**Work instruction:**
Count the lines below that hold the word "Used" and say how many, with no other text.

**Input records:**
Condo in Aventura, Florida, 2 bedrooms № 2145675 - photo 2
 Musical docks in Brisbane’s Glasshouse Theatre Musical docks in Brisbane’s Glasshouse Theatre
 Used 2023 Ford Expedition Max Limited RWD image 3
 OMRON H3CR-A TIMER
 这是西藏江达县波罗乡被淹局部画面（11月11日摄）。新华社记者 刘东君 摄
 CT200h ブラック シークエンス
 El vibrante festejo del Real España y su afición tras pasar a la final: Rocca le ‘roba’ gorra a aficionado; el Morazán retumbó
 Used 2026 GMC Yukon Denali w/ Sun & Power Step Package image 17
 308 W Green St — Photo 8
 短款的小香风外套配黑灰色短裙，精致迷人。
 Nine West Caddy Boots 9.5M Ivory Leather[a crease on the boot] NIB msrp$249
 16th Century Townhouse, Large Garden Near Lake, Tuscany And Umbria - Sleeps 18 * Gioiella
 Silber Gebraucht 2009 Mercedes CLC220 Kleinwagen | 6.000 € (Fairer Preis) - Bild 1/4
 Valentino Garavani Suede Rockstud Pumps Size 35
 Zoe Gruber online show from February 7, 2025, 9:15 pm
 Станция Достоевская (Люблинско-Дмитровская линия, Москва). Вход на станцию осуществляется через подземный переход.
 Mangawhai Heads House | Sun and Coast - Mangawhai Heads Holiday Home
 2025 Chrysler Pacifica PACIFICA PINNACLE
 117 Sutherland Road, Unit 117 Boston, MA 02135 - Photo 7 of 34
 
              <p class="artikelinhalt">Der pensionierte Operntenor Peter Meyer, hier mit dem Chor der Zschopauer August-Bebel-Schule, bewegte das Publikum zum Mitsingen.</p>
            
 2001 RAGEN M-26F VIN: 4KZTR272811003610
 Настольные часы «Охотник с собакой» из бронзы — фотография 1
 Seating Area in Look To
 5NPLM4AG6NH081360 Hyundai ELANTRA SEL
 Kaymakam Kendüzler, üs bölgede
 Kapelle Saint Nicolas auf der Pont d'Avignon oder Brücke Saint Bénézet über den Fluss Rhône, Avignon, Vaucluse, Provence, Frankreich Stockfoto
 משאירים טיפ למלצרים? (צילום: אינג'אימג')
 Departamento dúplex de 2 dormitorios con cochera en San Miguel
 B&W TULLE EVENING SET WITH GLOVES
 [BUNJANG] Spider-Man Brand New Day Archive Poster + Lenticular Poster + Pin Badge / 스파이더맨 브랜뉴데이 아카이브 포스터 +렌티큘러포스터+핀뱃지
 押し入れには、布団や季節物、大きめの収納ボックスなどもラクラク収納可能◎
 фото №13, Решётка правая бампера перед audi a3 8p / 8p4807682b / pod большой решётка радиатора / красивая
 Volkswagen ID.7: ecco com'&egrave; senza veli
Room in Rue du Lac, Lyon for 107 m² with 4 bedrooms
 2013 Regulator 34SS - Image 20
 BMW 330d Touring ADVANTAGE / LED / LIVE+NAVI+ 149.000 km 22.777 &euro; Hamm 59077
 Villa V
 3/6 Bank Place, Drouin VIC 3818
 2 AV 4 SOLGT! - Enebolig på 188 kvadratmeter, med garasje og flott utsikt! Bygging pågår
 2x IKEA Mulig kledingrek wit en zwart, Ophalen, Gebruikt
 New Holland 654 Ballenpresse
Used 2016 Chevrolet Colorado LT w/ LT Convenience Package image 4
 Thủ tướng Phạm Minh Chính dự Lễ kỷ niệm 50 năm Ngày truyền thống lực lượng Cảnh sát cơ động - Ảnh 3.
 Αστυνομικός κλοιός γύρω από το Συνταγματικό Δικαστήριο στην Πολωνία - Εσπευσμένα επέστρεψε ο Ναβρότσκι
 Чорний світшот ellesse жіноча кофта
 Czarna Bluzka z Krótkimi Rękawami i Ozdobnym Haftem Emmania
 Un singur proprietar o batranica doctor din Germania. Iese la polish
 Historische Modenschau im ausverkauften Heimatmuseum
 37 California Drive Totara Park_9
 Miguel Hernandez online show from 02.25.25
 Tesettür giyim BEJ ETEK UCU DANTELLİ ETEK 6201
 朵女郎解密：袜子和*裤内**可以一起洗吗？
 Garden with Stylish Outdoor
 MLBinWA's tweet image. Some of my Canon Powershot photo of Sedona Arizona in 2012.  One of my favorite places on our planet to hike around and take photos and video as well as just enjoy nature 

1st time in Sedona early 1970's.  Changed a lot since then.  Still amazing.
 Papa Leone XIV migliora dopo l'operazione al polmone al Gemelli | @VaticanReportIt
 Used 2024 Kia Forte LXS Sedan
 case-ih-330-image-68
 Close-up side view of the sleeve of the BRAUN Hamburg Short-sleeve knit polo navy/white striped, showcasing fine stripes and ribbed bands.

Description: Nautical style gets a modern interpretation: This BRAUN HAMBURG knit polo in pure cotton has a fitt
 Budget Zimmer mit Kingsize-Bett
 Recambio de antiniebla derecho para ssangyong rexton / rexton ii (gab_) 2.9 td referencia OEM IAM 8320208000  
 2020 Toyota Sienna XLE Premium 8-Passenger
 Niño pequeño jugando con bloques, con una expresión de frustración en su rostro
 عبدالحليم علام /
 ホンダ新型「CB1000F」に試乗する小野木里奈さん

**Response to the task:**
4